[Data provided — start]
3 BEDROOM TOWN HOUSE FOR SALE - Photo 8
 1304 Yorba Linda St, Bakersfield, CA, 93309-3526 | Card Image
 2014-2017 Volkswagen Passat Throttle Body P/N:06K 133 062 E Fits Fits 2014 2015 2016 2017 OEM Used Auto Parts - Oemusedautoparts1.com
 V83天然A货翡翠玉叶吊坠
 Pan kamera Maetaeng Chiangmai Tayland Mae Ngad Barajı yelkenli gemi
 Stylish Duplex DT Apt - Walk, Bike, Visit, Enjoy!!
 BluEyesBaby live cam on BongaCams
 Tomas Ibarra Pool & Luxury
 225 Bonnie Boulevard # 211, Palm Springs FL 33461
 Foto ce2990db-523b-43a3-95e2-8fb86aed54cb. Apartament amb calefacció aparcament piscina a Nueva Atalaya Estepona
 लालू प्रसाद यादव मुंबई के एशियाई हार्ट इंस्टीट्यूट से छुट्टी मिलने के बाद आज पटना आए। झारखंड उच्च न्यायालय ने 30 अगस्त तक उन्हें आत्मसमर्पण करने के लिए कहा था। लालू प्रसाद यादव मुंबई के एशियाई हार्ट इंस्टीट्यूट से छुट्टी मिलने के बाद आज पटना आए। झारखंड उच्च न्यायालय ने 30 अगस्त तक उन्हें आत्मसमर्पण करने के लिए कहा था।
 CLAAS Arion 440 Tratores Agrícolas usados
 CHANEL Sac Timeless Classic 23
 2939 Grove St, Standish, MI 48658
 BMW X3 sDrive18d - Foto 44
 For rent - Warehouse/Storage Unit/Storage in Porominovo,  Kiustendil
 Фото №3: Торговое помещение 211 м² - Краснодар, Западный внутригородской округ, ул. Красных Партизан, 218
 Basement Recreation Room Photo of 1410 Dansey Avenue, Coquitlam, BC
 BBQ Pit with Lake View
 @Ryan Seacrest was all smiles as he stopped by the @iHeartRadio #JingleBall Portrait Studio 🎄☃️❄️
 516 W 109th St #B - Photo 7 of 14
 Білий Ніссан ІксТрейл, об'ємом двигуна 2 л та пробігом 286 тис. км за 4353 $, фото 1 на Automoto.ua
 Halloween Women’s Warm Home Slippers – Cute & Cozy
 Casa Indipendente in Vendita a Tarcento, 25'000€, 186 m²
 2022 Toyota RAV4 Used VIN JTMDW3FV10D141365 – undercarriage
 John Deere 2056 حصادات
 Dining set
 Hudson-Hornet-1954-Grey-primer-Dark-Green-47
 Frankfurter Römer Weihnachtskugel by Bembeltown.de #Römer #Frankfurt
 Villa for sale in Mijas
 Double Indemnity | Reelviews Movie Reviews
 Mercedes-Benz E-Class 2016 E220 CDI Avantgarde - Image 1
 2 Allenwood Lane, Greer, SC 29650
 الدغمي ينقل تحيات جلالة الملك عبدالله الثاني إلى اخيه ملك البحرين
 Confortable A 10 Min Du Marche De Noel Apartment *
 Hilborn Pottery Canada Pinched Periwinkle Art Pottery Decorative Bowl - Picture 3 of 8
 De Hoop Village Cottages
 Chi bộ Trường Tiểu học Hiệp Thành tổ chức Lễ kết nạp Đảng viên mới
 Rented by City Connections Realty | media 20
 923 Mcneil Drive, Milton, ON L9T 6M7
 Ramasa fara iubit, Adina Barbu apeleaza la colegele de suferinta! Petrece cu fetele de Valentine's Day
[Data provided — finish]
Description of the task: Output the records above in their entirety, exactly.

Written solution:
3 BEDROOM TOWN HOUSE FOR SALE - Photo 8
 1304 Yorba Linda St, Bakersfield, CA, 93309-3526 | Card Image
 2014-2017 Volkswagen Passat Throttle Body P/N:06K 133 062 E Fits Fits 2014 2015 2016 2017 OEM Used Auto Parts - Oemusedautoparts1.com
 V83天然A货翡翠玉叶吊坠
 Pan kamera Maetaeng Chiangmai Tayland Mae Ngad Barajı yelkenli gemi
 Stylish Duplex DT Apt - Walk, Bike, Visit, Enjoy!!
 BluEyesBaby live cam on BongaCams
 Tomas Ibarra Pool & Luxury
 225 Bonnie Boulevard # 211, Palm Springs FL 33461
 Foto ce2990db-523b-43a3-95e2-8fb86aed54cb. Apartament amb calefacció aparcament piscina a Nueva Atalaya Estepona
 लालू प्रसाद यादव मुंबई के एशियाई हार्ट इंस्टीट्यूट से छुट्टी मिलने के बाद आज पटना आए। झारखंड उच्च न्यायालय ने 30 अगस्त तक उन्हें आत्मसमर्पण करने के लिए कहा था। लालू प्रसाद यादव मुंबई के एशियाई हार्ट इंस्टीट्यूट से छुट्टी मिलने के बाद आज पटना आए। झारखंड उच्च न्यायालय ने 30 अगस्त तक उन्हें आत्मसमर्पण करने के लिए कहा था।
 CLAAS Arion 440 Tratores Agrícolas usados
 CHANEL Sac Timeless Classic 23
 2939 Grove St, Standish, MI 48658
 BMW X3 sDrive18d - Foto 44
 For rent - Warehouse/Storage Unit/Storage in Porominovo,  Kiustendil
 Фото №3: Торговое помещение 211 м² - Краснодар, Западный внутригородской округ, ул. Красных Партизан, 218
 Basement Recreation Room Photo of 1410 Dansey Avenue, Coquitlam, BC
 BBQ Pit with Lake View
 @Ryan Seacrest was all smiles as he stopped by the @iHeartRadio #JingleBall Portrait Studio 🎄☃️❄️
 516 W 109th St #B - Photo 7 of 14
 Білий Ніссан ІксТрейл, об'ємом двигуна 2 л та пробігом 286 тис. км за 4353 $, фото 1 на Automoto.ua
 Halloween Women’s Warm Home Slippers – Cute & Cozy
 Casa Indipendente in Vendita a Tarcento, 25'000€, 186 m²
 2022 Toyota RAV4 Used VIN JTMDW3FV10D141365 – undercarriage
 John Deere 2056 حصادات
 Dining set
 Hudson-Hornet-1954-Grey-primer-Dark-Green-47
 Frankfurter Römer Weihnachtskugel by Bembeltown.de #Römer #Frankfurt
 Villa for sale in Mijas
 Double Indemnity | Reelviews Movie Reviews
 Mercedes-Benz E-Class 2016 E220 CDI Avantgarde - Image 1
 2 Allenwood Lane, Greer, SC 29650
 الدغمي ينقل تحيات جلالة الملك عبدالله الثاني إلى اخيه ملك البحرين
 Confortable A 10 Min Du Marche De Noel Apartment *
 Hilborn Pottery Canada Pinched Periwinkle Art Pottery Decorative Bowl - Picture 3 of 8
 De Hoop Village Cottages
 Chi bộ Trường Tiểu học Hiệp Thành tổ chức Lễ kết nạp Đảng viên mới
 Rented by City Connections Realty | media 20
 923 Mcneil Drive, Milton, ON L9T 6M7
 Ramasa fara iubit, Adina Barbu apeleaza la colegele de suferinta! Petrece cu fetele de Valentine's Day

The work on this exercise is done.